--- DATA RECORDS ---

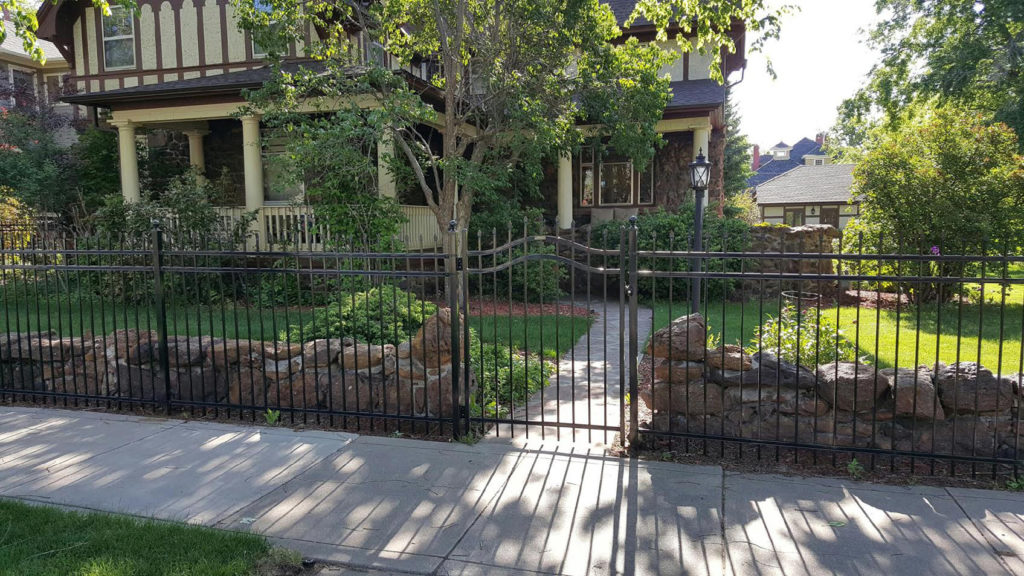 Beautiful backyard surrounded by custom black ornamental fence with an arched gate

---
--- DATA RECORDS ---

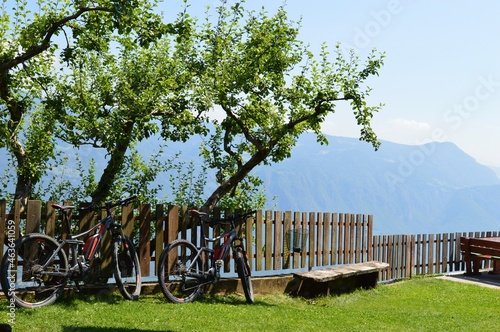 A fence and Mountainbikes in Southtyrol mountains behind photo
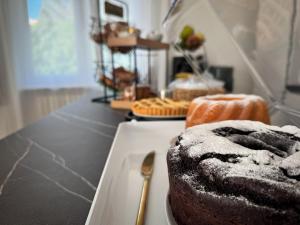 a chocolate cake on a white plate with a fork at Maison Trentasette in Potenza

---

**EXERCISE INSTRUCTIONS**
Reproduce the records above exactly, but only from the line with "A fence and" up to and including the line with "a chocolate cake". Leave the pictures out.

**RESPONSE TO THE TASK**
 A fence and Mountainbikes in Southtyrol mountains behind photo
 a chocolate cake on a white plate with a fork at Maison Trentasette in Potenza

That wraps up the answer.